On the hardware side of things, even humble domestic laptops typically ship with at least two cores these days; two separate little computers ready to do the data processor’s bidding. Four, eight, sixteen and more cores are not far behind, but mainstream software products typically fail to exploit anything more than a single core. Push Excel as hard as you like, and it won’t do more than take one of your computer’s multiple cores to the max. On that 12-core Mac Pro you persuaded the boss to buy, only one core will be hard at work on your data. Twitter, Mail, YouTube, and ripping DVDs  will each be giving other cores a little light exercise whilst others sit idly by, waiting for the arrival of operating systems and applications capable of exploiting multi-core power. The same is true as jobs grow and move to run across multiple machines, whether under your desk, in your data centre, or out in the Cloud. Those big datasets need to be carved up and shared amongst the available computers before any analysis takes place. You’re typically not accessing a ‘big computer in the Cloud’ at all… but lots of relatively small (commodity) computers, and it takes careful planning and smart software to manage the division and recombination of those jobs in a cost-effective manner. Projects such as Joseph Hellerstein‘s Berkeley Orders of Magnitude (BOOM) begin to demonstrate some of the potential for working natively with multiple processors, but there’s a long way to go before those advances reach the mainstream.

Hadoop, Cassandra, MapReduce, Dynamo, Voldemort. These, and more, are solutions developed by the likes of Yahoo!, Facebook, Google, Amazon and LinkedIn to tackle the influx of data that each faced – and for which each had failed to find an existing solution. Hadoop, with the addition of Cloudera‘s commercial polish, is rapidly emerging as the front runner for an off the shelf Big Data solution, but all of these tools remain rather narrow in their abilities. Find the type of data or the nature of query for which each of these was built and its performance will be unbeatable, but we are a very long way from Big Data’s equivalent of the jack-of-all-trades SQL-powered relational database of old.

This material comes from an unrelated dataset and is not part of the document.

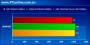<strong>Winrar</strong>-Score (Bild: PConline.com)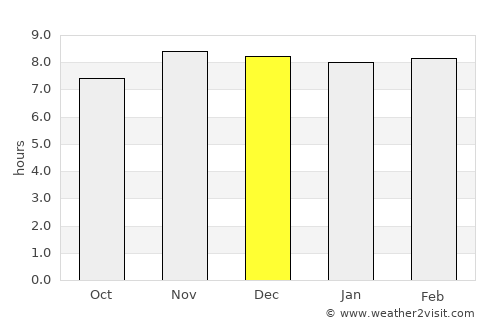 Khārupatia average rain in December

And there, for many enterprises, lies the problem. Useful Google searches require the crawler, index and UI to do a relatively small number of essentially similar tasks, very quickly, very cost-effectively, and at massive scale. Focus on that finite set of problems, and you build a solution that delivers the experience we’ve all come to know. Each type of data manipulation or analysis requires a different tool, differently optimised, with the inevitable result that a typically diverse organisation may require a plethora of Big Data tools to get their work done. Or they might just continue to muddle along with Oracle or mySQL, churning inefficiently through their data analysis jobs for interminably long periods of time. These relational database tools are understood, they are mature, and they get the job done. Except in the most data-intensive industries, they have a market presence that will be difficult to disrupt.

The Big Data space is seeing remarkable innovation, but there is a long way to go in order to lift it out of the domain of the technically proficient specialist and place it on desktops across the organisation. As IA Ventures’ Brad Gillespie notes, “Excel is where the world’s data lives… [and] Big Data has to get to that place… so that a CMO can leverage it directly.”

And in all of this fervent of innovation, to return to the title of the post, it strikes me that Big Data is becoming disconnected from the fabric of the web itself. Oh, much of the data certainly comes from the Web, and a lot of it might even be queried on the Web after processing. But, somewhere along the line, the linkedness of the Web has either been forgotten or ignored. That rich set of connections, interconnections and associations has been reduced to a table, an index, or a (large) set of key-value pairs. And in the process, something fundamental has gone away.

This is enough for now, though. Looking more closely at different Big Data approaches, and exploring the potential for re-introducing the Web must wait for future posts.